トナカイと鹿はどちらが美味しいか

 

 船上のカフェでビールを飲んだ後、地下鉄に一駅だけ乗って、ホテルに戻った。地下鉄の乗り場は「T」と白地に青いサインが出ている。ストックホルムの地下鉄は、マルティン・ベック・シリーズにもしばしば登場する。ベックは車の運転が嫌いで、移動はもっぱらタクシーと地下鉄だ。小説の中で、地下鉄に対して好意的な記述は少ない。汚くて、いつも混んでいる。そして、季節の変わり目になると、ベックはいつも風邪を地下鉄の中で貰ってきてしまう。
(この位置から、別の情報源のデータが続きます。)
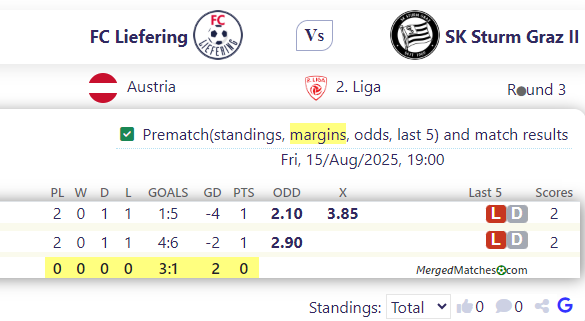 FC Liefering Vs SK Sturm Graz II screenshot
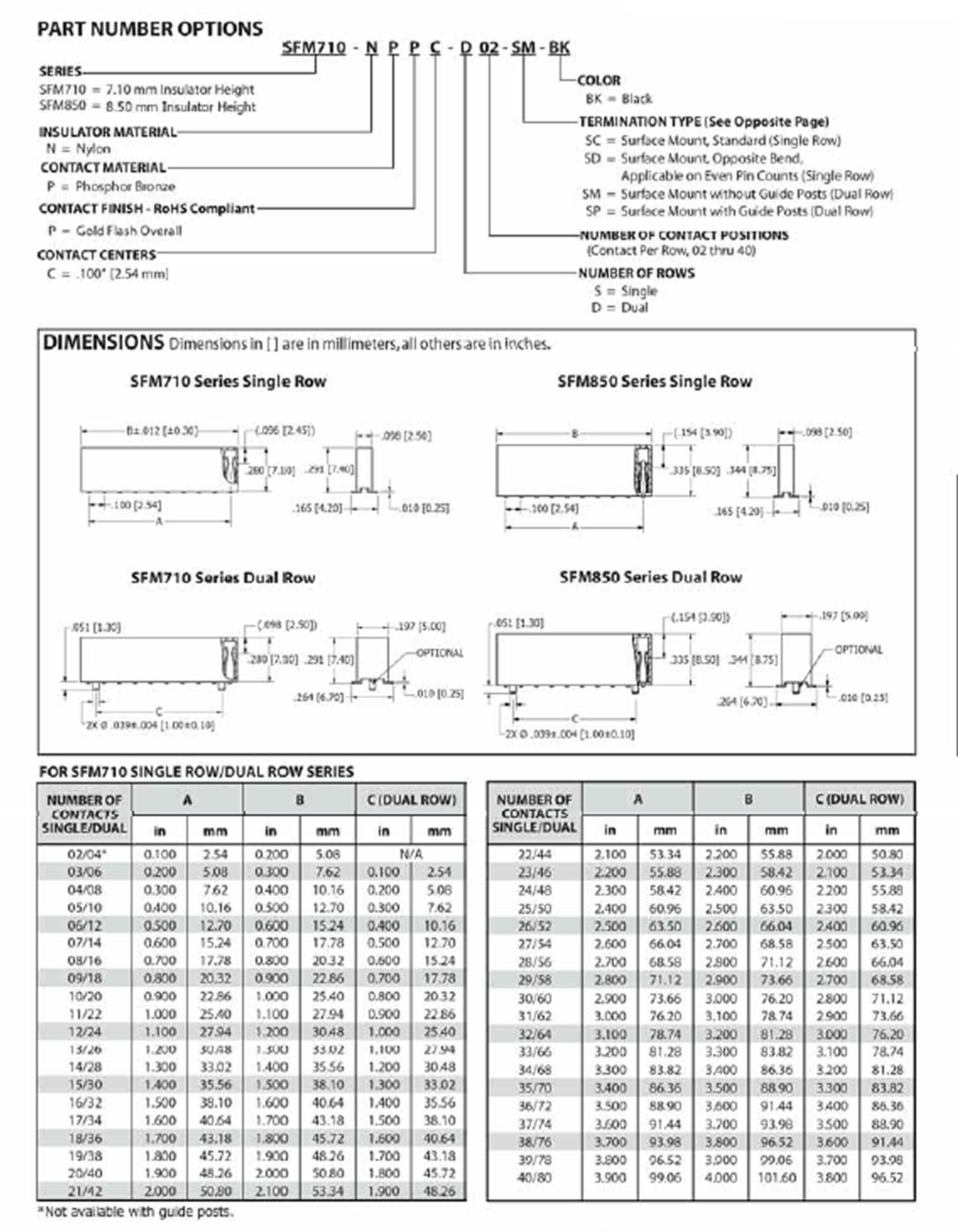 SFM710NPPCD02SMBKdog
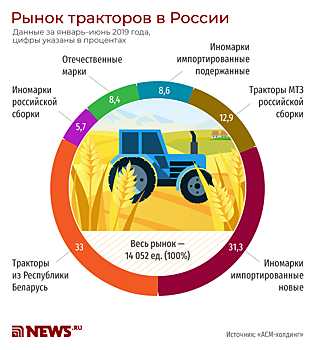 Белорусские трактора не уедут из России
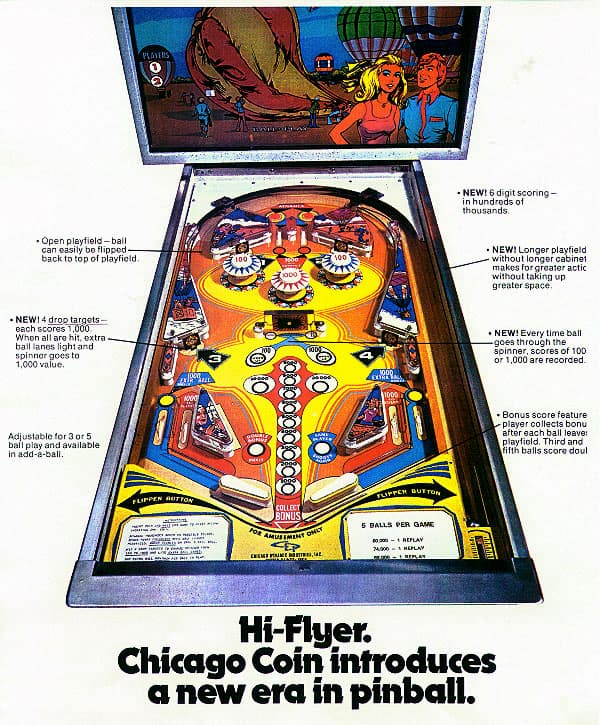 Sky Rider / Hi-Flyer flyer 1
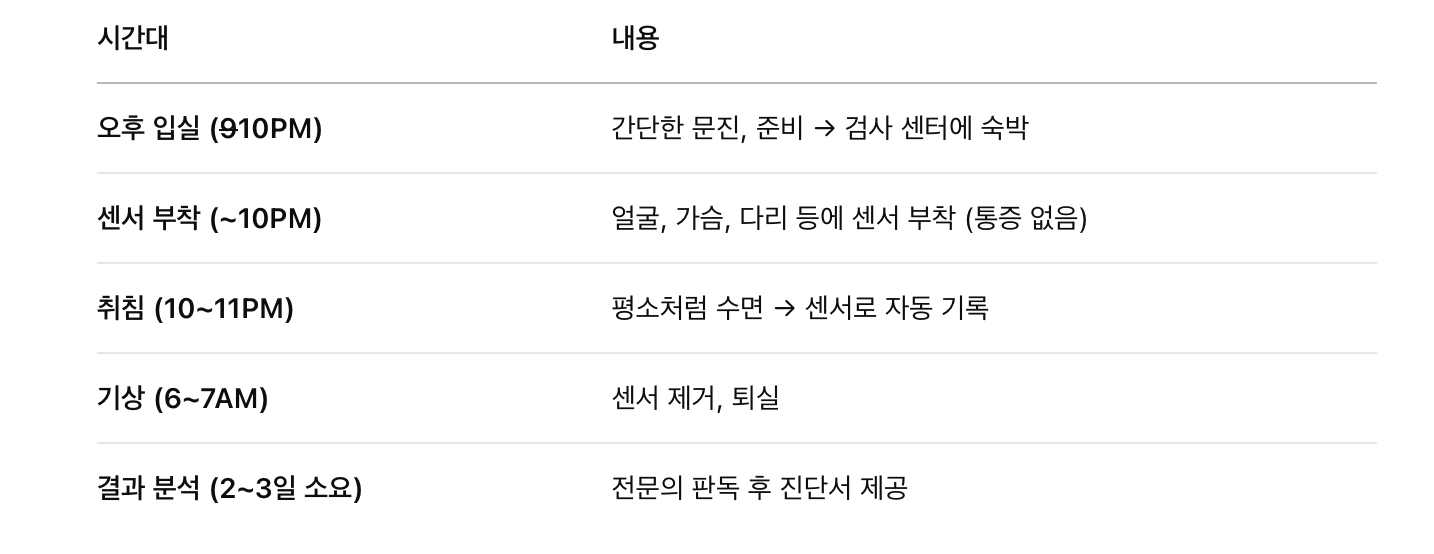 검사 진행 절차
しかし、僕の見た限りでは、駅も、車両も清潔で、良い印象だった。加速と減速が過激なのが気になったが。

 ホテルに戻って、少し休憩を取った後、午後六時頃、少し早いが夕食に出ることにした。ドロトニングガタンを旧市街とは反対の方向へ歩き出す。ミドリは、せっかくだから、スウェーデン料理を食べたいと言っている。五分ほどで、ちょっとモダンなレストランが見つかり、僕たちはそこに入った。

 数日前、妻が実家の義母に電話をし、スウェーデンに行くと話したとき、義母がスウェーデンでは鹿料理が美味しいと言ったそうだ。レストランのメニューには「アカシカ」と「トナカイ」の料理があった。鹿の肉は昔ドイツで何度か食べたことがあった。僕は冒険を避け、「アカシカ」を注文した。マユミとミドリはふたりとも同じ魚料理を注文したようだ。オーストラリア産の白ワインを注文する。シャドネーだが、本場フランス産シャドネーの値段の三分の一くらい。そして、このワインは美味かった。ミドリも飲んで感心している。
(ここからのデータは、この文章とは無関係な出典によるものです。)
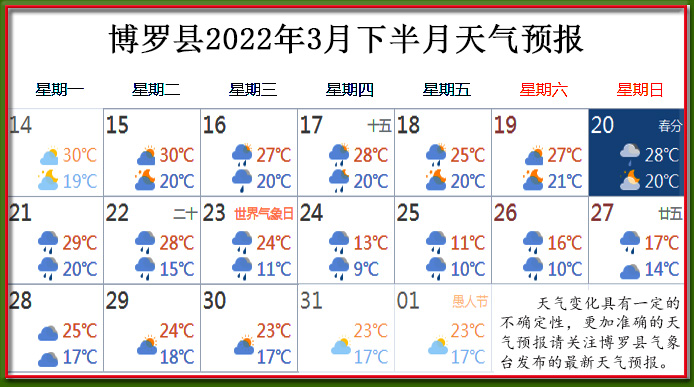 3月下天氣.jpg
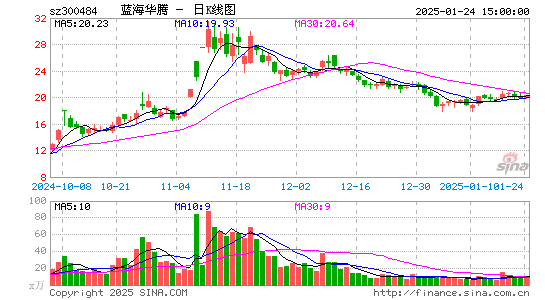 蓝海华腾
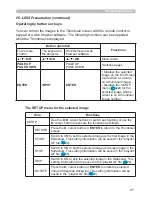 Preview for 96 page of Hitachi Innovate iPJ-AW250NM User'S Manual And Operating Manual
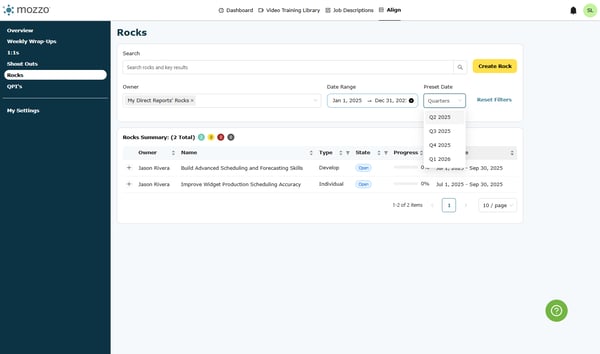 Navigate via Dashboard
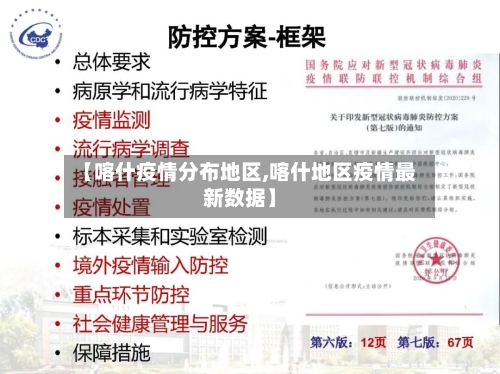 【喀什疫情分布地区,喀什地区疫情最新数据】-第2张图片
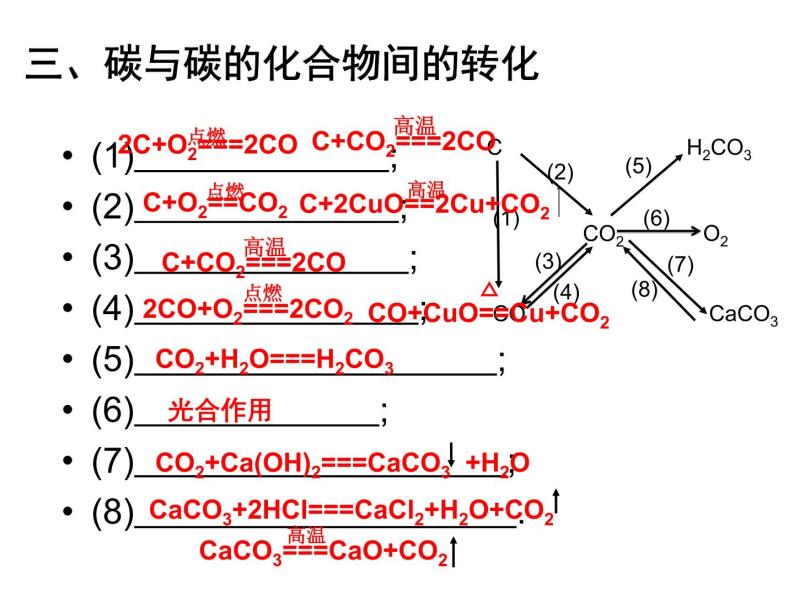 人教版九年级化学上第八章课题三一氧化碳和二氧化碳（第四课时）06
「このワインの名前、どこかに書いておいて、ロンドンでも捜そうよ。」

と言っている。十六歳の少女の言葉とは思えない。

 ドイツで食べた鹿の肉は、脂肪分が少なくて、淡白で硬かったという印象だった。しかし、その日出されたステーキはミディアムに焼き上がっていて、ジューシーでなかなか美味しかった。トナカイの肉も試してみたいが、一度にそんなには食えないので、次回のお楽しみということにしておこう。妻と娘の注文した魚料理も、小さなロブスターまで添えられており、なかなかの豪華版だった。僕たちはワインをもう一本注文して、「お腹一杯、苦しい」と言うまで食べた。一万五千円くらい払ったが、その価値は十分にあった。

 七時半頃、レストランから外に出る。外には雨が降り始めていた。しかし、夜どころか夕方の気配さえない。ホテルに戻り、僕はベッドに横になった。外は雨が降っている。空はミルク色だ。テレビをつけると陸上の試合を中継していた。それを、見ているうちに、僕は満腹とワインの酔いから、眠ってしまった。途中一度、妻が、もう一度外に出ないかと尋ねたような気もする。

 目を覚ますと朝の三時だった。ミドリが僕と妻の間で寝息を立てている。窓の外を見るともう明るい。雨はやんでいて、空は眠る前と同じミルク色だ。眠っている間に一度は暗くなったのだろうかと疑ってしまう。

そんなことを考えながら、僕はもう一度眠りについた。